Del Toso and her fellow teammates were heartbroken after not qualifying for the Rio 2016 Paralympic Games, however, that is what has been motivating them going into the Championships.
She said, “Our hope is to come home from Beijing as Asia Oceania Champions.
“The team is heading into the competition with a lot of confidence and we hope the team will dominate the competition and leave the tournament with the same confidence, looking forward to the World Championships.”
She continued by saying “It means everything for Australia to compete in the Asia Oceania Championships, to be the best in our zone is something that we are all very proud of. We have always been competitive, strong and successful meaning we have made a name for ourselves. However, we don’t take this for granted as we always want to build on our successes.”

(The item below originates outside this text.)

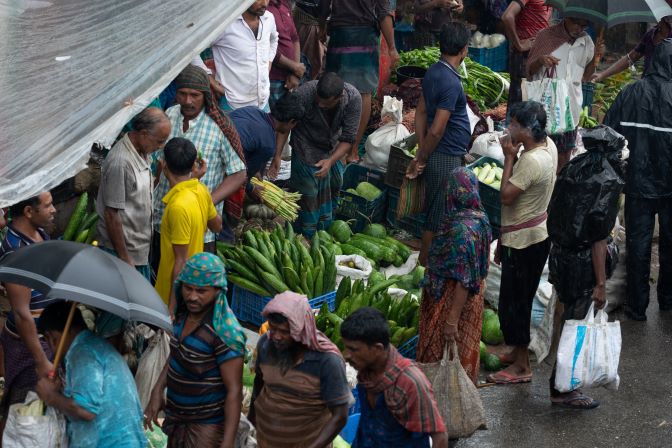Floods leave Bangladeshi farmers standing in a market with umbrellas, searching for hope.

In the Australian team, there is a mix of experience and youth, Del Toso revealed that Annabelle Lindsay, Amber Merritt, Cobi Crispin and Georgia Munro-Cook will be the ones to watch for in the future of the women’s national team.
Listing her greatest achievement in wheelchair basketball as being fortunate enough to be part of the Australian team that won a silver medal at London 2012, Leanne explained how much playing for her country means to her, “I don’t take my position for granted. Every time I put on the green and gold vest for Australia I always appreciate the time I spend representing my country.”